Mar 10, 2025 11:51:00

AMD releases proprietary visual language model 'Instella-VL-1B,' trained on AMD GPUs to achieve competitive performance

Semiconductor giant AMD has announced its first visual language model (

VLM ) , Instella-VL-1B . Instella-VL-1B is part of the Instella family of language models announced by AMD in March 2025, and is a VLM trained on AMD Instinct MI300X , AMD's GPU for generative AI.

Instella-VL-1B: First AMD Vision Language Model — ROCm Blogs
https://rocm.blogs.amd.com/artificial-intelligence/Instella-BL-1B-VLM/README.html

Instella-VL-1B is a multi-modal model with 1.5 billion parameters that combines a vision encoder with 300 million parameters and a language model with 1.2 billion parameters.

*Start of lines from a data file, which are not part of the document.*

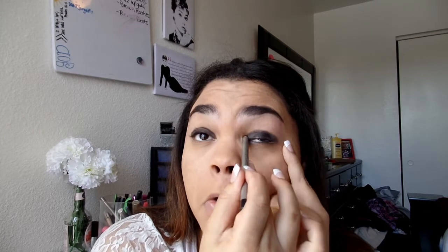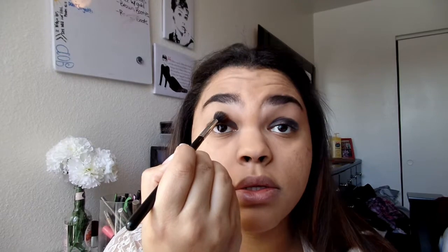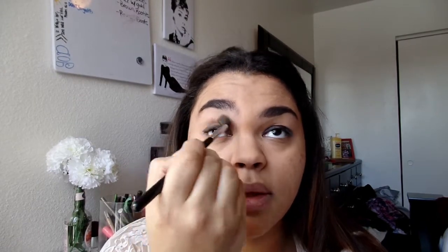Anytime you're using a color that is not going to show up, or you want it to show up more vibrant, just go in with a black liner, a black gel, or black eyeshadow. Anything creamy tends to work better because it has a better base to work with. I have this little Benefit Hoola that I like to use for my eyes. I'm going to go in with a blending brush — this is the Sigma E40 — and blend that into my crease.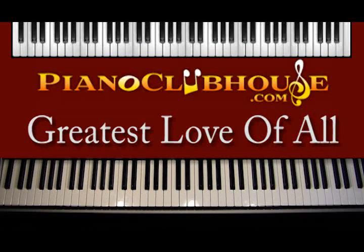Hi, this is TJ with Piano Clubhouse, and today it is my pleasure to teach you 'The Greatest Love of All' as performed by Whitney Houston. It's in the key of A natural and changes keys up to the key of D. It goes back and forth between the two through the course of the song. Probably one of my favorite songs to listen to and play growing up and even to this day, so it's my pleasure to teach it to you.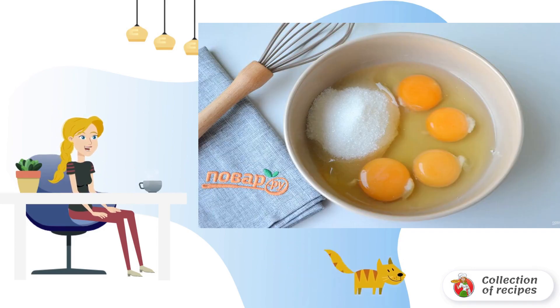Make the dough for clafoutis. To do this, combine eggs and sugar — 120 grams — in a deep container. Whisk well with a whisk.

To build Instella-VL-1B, AMD combined datasets such as LLaVA , Cambrian , and Pixmo , and created new data mixtures in both the pre-training and SFT (supervised fine-tuning) stages. Specifically, they enhanced the model's document understanding capabilities by employing richer document-related datasets such as M-Paper , DocStruct4M , and DocDownstream .

With the new pre-training dataset (7M examples) and SFT dataset (6M examples), Instella-VL-1B significantly outperforms similarly sized open source models (such as LLaVa-OneVision and MiniCPM-V2 ) on both general visual language tasks and OCR -related benchmarks. It also outperforms the open weight model InternVL2-1B on general benchmarks and achieves comparable performance on OCR-related benchmarks.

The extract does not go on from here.